I have issued eight recordings since the Mozart piano concertos recording with the WCO, and three more solo records are on the way in 2017. In addition, I have founded a record label, Aeolian Classics, formed in 2014.

I have simultaneously kept an active teaching profile, and in 2015 I was awarded the position of Assistant Professor of Piano at the Chicago College of Performing Arts at Roosevelt University. As a full-time member of the faculty, I have since relocated to Chicago, so now I am a fellow Midwesterner!

Composition has always played a major part in my musical life, and since 2008 I have written a number of works for premieres, including my Concerto for Piano and String Orchestra, which can be viewed on my YouTube channel at:

You have chosen an unusual program. What would you like the public to know about the Piano Concerto No. 2 by Dmitri Shostakovich? What would you like the public to know about the Piano Concerto by Francis Poulenc? Why do you think both concertos are not programmed more often? Why do you perform them and what do you like about each one?

The Piano Concerto No. 2 by Dmitri Shostakovich (below) is one of my favorite works of all time, and when Andrew approached me about the possibility of performing it in conjunction with another concerto, I immediately suggested the Piano Concerto by Francis Poulenc.

dmitri shostakovich

Both works share certain core qualities, namely irony, humor, radiant beauty and spirited fun. These are works that do not disparage the concept of beauty, though they were both written during a post-war generation.

As such, rare moments of absolute Romanticism are intertwined with musical jokes, sardonic twists of phrase, and ridicule, rendering the messages of each piece complex and ironic. (You can hear Neiman perform the opening of the Piano Concerto No. 1 by Shostakovich in a YouTube video at the bottom.)

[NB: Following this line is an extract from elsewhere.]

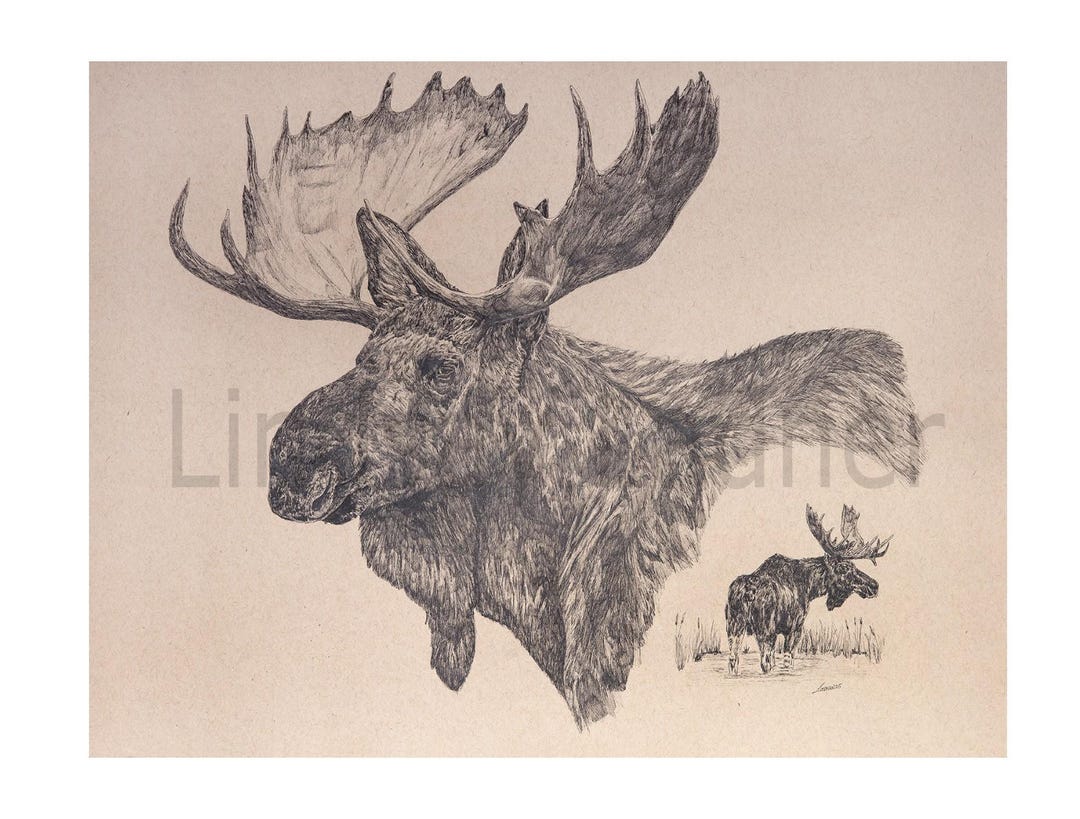 Spirit of the Marsh, Bull Moose Ink Drawing - Etsy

At one point, during the last movement of the Poulenc, he spontaneously quotes George Gershwin’s “Swanee” in a moment of jazz ease, in between sparkly, jaunty sections of impish humor. In a sense, you could describe both pieces as tonal expressions of longing for a bygone era from the perspective of a bleak machine age.

From a compositional perspective, both works are solidly grounded in classical form, and both are ingeniously orchestrated, making use of each instrument’s range and dynamic qualities to draw out a maximum of character possibilities.

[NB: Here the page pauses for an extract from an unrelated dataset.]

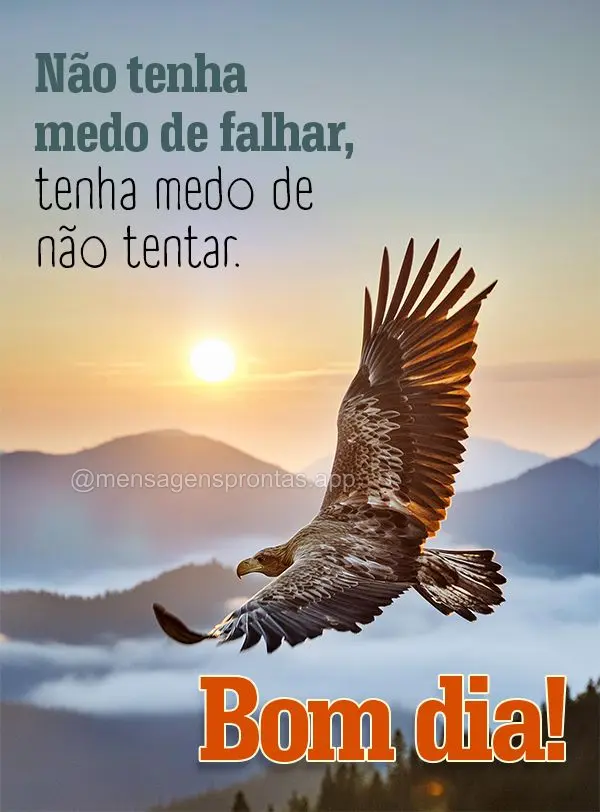 Não tenha medo de falhar, tenha medo de não tentar. Bom dia!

The piano writing is virtuosic, powerful, and expressive, and the combination will take the audience by storm – I think the WCO audiences will walk away from this performance humming passages of the works, and they will be delighted by the wit and charm that wins out in the end.

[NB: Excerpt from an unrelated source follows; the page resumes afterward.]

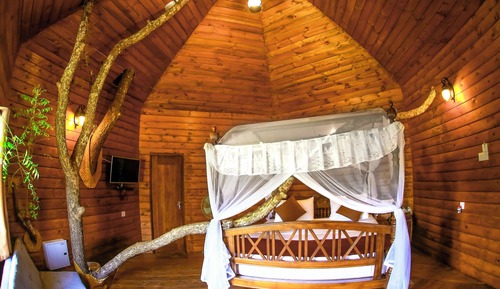 Deluxe Tree House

As to why the Poulenc is rarely performed, I can offer no other possible explanation than the innate closed-mindedness of many people in the music world.

Poulenc (below) is a composer who deserves a place at the very center of the main repertory. Yet due to the prejudices of the ignorant critics of his day who preferred to elevate the splendors of Germanic music to an Olympian height above the “avant-garde” of Russia and France, he, among others, garnered an undeservedly poor following.

Francis Poulenc

What would you like to say about performing in Madison with the Wisconsin Chamber Orchestra and Andrew Sewell, with whom you seem to share a deep musical affinity? Do you have plans to record something else with them?

Each performance I have played with the WCO stands out as a musical highlight for me. The orchestra is as fine as they come, and I am inspired by the love of music that seems to be the keystone of the ensemble.

Andrew Sewell (below) is not only a very fine conductor and exemplary musician, but I am lucky to count him as a close friend. We have a musical rapport that is powerful, with a long history, and it would be a privilege to keep performing and recording with him and the orchestra in the future.

There are no current plans in place to record together, but the experience of making the Mozart concertos CD in 2008 was so sweet, that I would be happy to do it again! Maybe a Shostakovich/Poulenc disc, hmmm?

andrewsewell

What else would you like to say?

I feel truly honored to be a part of the 2016 performance season of WCO, and I cannot wait to say hello to all my Madison friends!